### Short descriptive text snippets
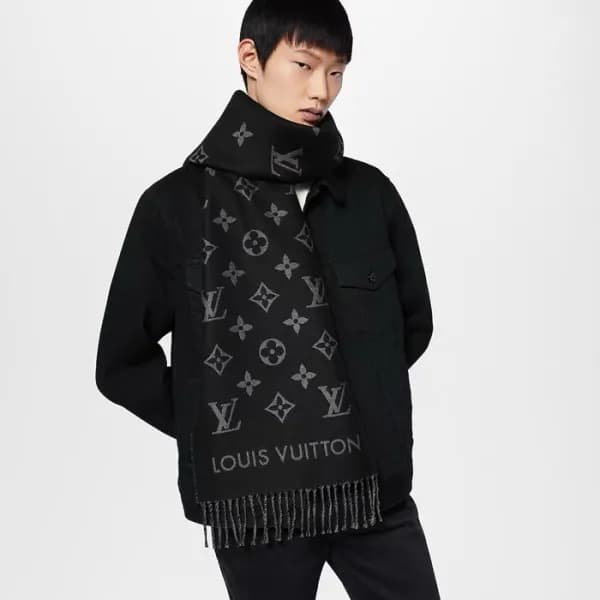루이비통 남성 블랙 머플러 - Louis vuitton Mens Black Muffler … - 1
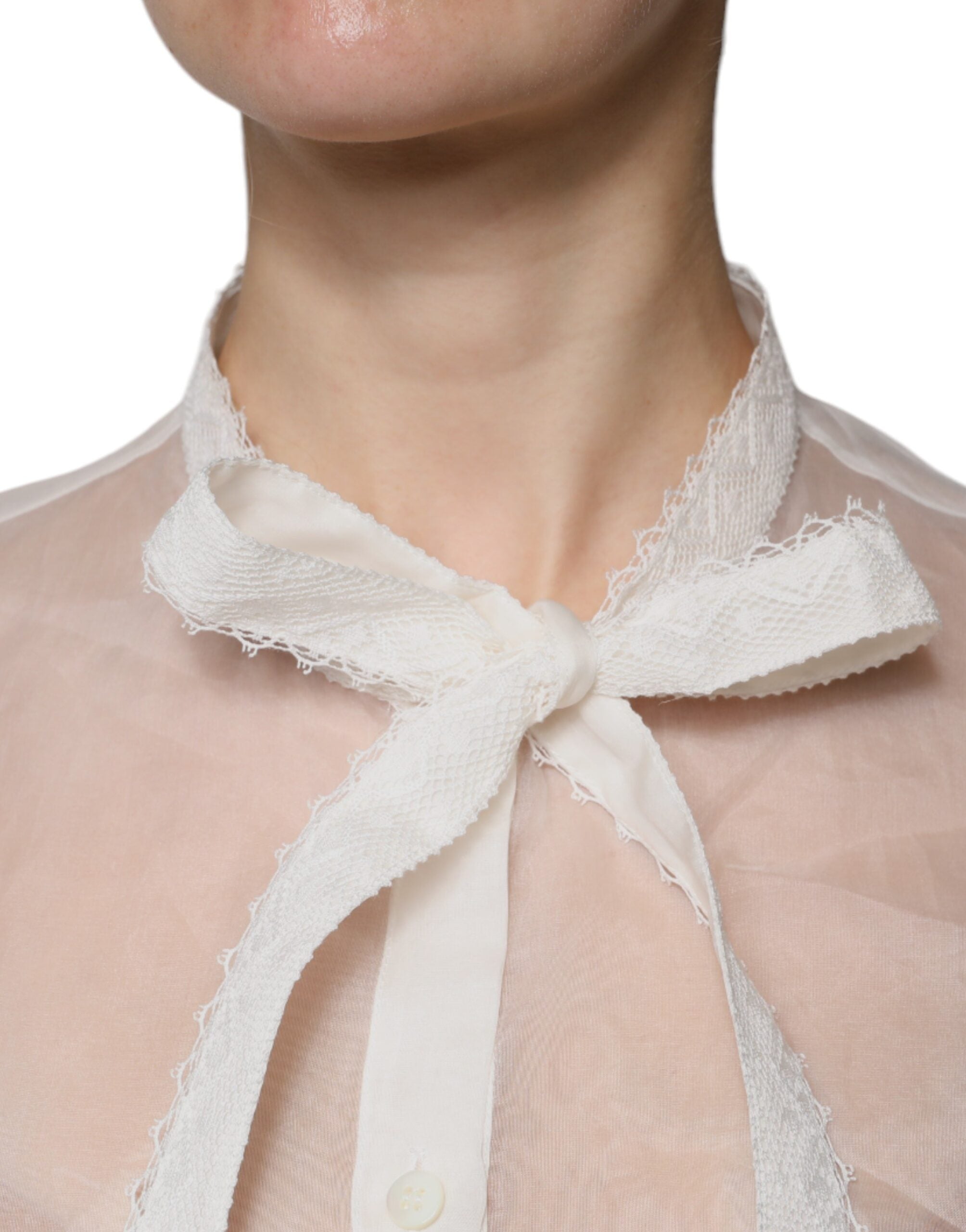 White Ascot Collar Long Sleeves Blouse Top - ventzia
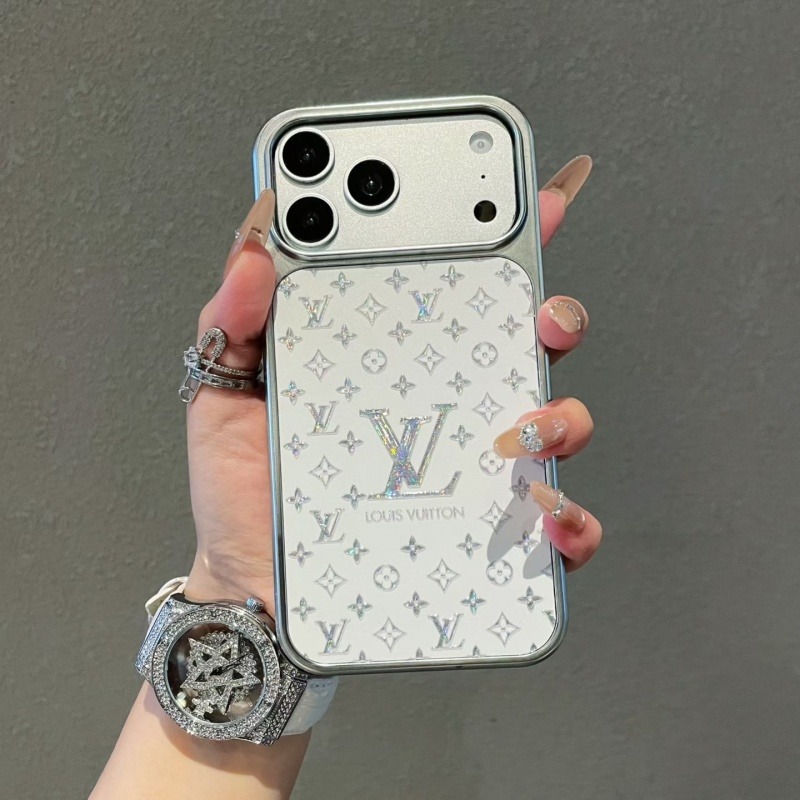 Electroplated and gold-gilt colorful embossed LV phone case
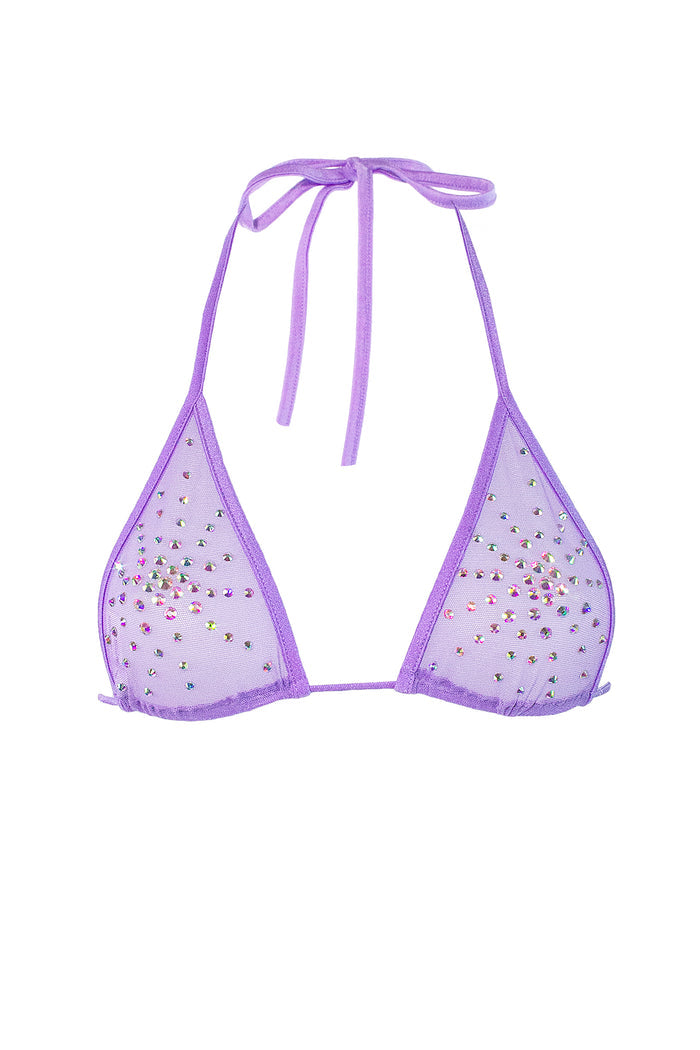 Rhinestones Triangle Bikini Top  / TOP ISA CRYSTALS LILAC,TOPS - EXES LINGERIE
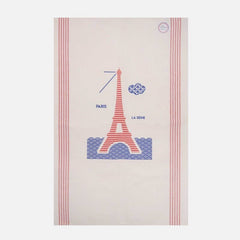 French Dish Towel - The Seine in Paris - Red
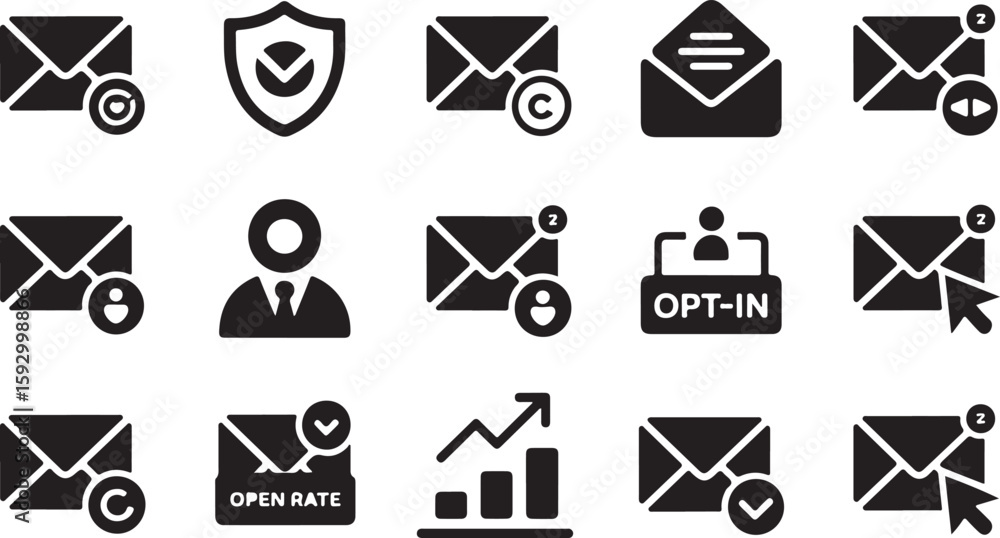 Poster email icons with various symbols and actions envelope message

### YOUR TASK
A faithful copy of the records above, without images, is what to give back.

### EXERCISE RESPONSE
루이비통 남성 블랙 머플러 - Louis vuitton Mens Black Muffler … - 1
 White Ascot Collar Long Sleeves Blouse Top - ventzia
 Electroplated and gold-gilt colorful embossed LV phone case
 Rhinestones Triangle Bikini Top  / TOP ISA CRYSTALS LILAC,TOPS - EXES LINGERIE
 French Dish Towel - The Seine in Paris - Red
 Poster email icons with various symbols and actions envelope message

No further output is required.